【内容】
1.「島留学」という発想
2.「教育のサブシステム」の有効性
1.「島留学」という発想
「学びの場」としての地方創生の事例では、島根県の海士町の「島留学」があります。
海士町などの離島では、本土よりも早いペースで人口減少が続いていました。
海士町の県立隠岐島前高校でも生徒は減少の一途をたどり、2008年度の生徒数は全校で90人しかいませんでした。
「このままでは廃校になってしまう」
そこで始まったのが「隠岐島前教育魅力化プロジェクト」で、全国の高校生を対象にした「島留学制度」でした。

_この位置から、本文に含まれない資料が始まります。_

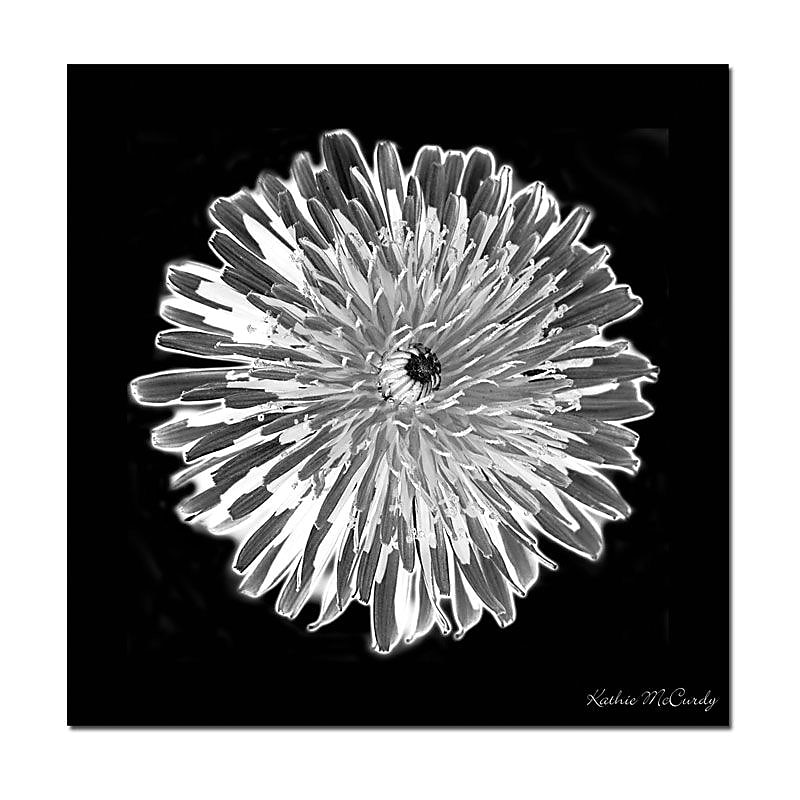 Trademark Global Kathie McCurdy "Dandelion Black & White" Canvas Art, 35" x 35" image 1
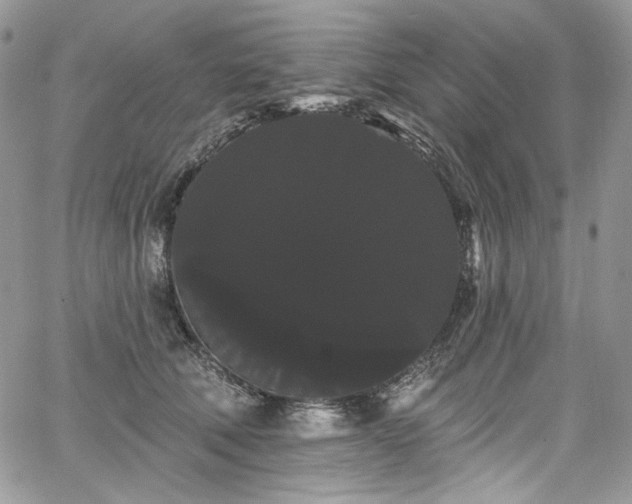 X0000068290610200604241300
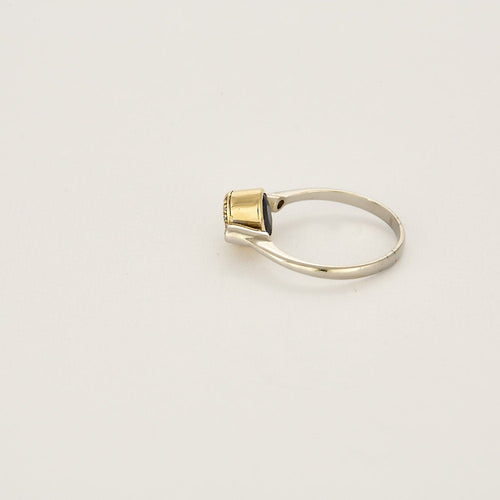 Bague 65 Bague en or jaune, or blanc, Tanzanite et diamants 58 Facettes RAM3128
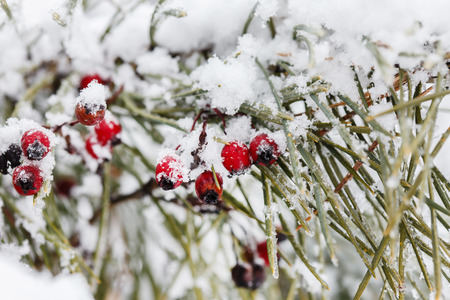 winter berriesの写真素材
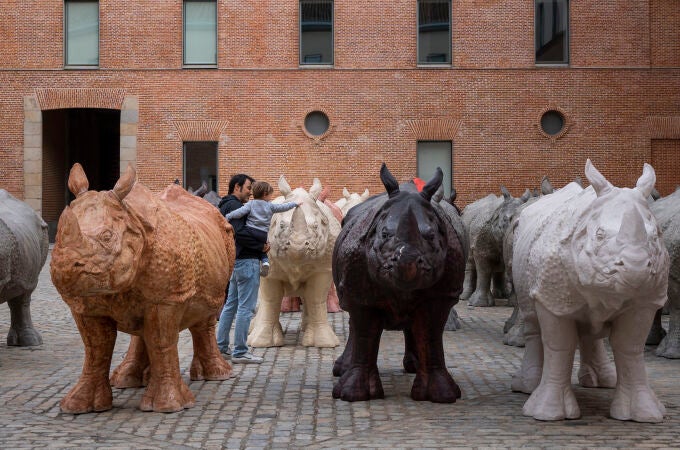  Exposicion Mundos. Goya y Fabelo en el Centro Cultural Conde Duque. Rinocerontes.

「島まるごと学校。島民みんなが先生」のキャッチコピーのもと、島留学生には一人ずつ「島親さん」と呼ばれる島民がついて島の生活に馴染むサポートがあります。
夕飯に呼ばれたり、夏祭りの一緒に行ったりする中で、地域の人たちとつながっていきます。
高校の生徒数は160人を超えかつての2倍に増えています。
さらに2019年からは、全国各地の若者が活用できる「大人のための島留学」がスタートしました。
①3ヶ月の滞在型のインターンシップ制度の「島体験」②プロジェクトに就労しながら、1年間お試し移住できる「大人の島留学」③2年間、複数の仕事を体験しながら新しい島の働き方を探究する「複業島留学」などのメニューを準備しています。
3つの制度を利用した200人のうち、20人が就職・移住しています。
離島留学という発想は全国に広がり、2017年には、全国の留学先を案内する「地域みらい留学」という取り組みが生まれ、25道県、68校が参加しています。
2.「教育のサブシステム」の有効性
島留学のメリットやデメリットは、下記のように整理できます。
【メリット】
①豊かな自然や農山漁村の暮らしや文化を体験できる。
②親元から離れて自立心を養うと共に、都会では体験できない自然環境で生きる力を育むことができる。
③過疎地域や集落の活性化に貢献する実感を得ることができる。
【デメリット】
①ホームシックや環境の変化への適応が難しい。
②高校や大学の受験との両立が難しい
近年 インターナショナルスクールや風越学園の設立で注目され、教育移住が活発になっている軽井沢の事例に見られるように、東京における偏差値志向の受験制度に、不安と疑問を抱く保護者も少なくありません。
変化が大きく、未来を見通すことが難しいこれからの時代には、未来を自分の手で作っていける人材が求められています。
大学入試も主体性や協働性、探究性が問われるものに代わろうとしています。
意識が高く、社会の変化に敏感な保護者にとって「高校3年間を地方で過ごして、これからの社会を生き抜く力を育む」方法として、教育のサブシステムが有効と認識されるのではないでしょうか?
人は成長を実感した時期を過ごした場所を、「ふるさと」として記憶すると考えています。
最も多感で、成長する10代を地方で過ごすということは、その学校の卒業生にとして貴重な関係人口の創出につながります。
こうして生まれる「ふるさと」は、本人にとって、その後の活動拠点の一つとして、常に選択肢に残る場所になるのだと考えます。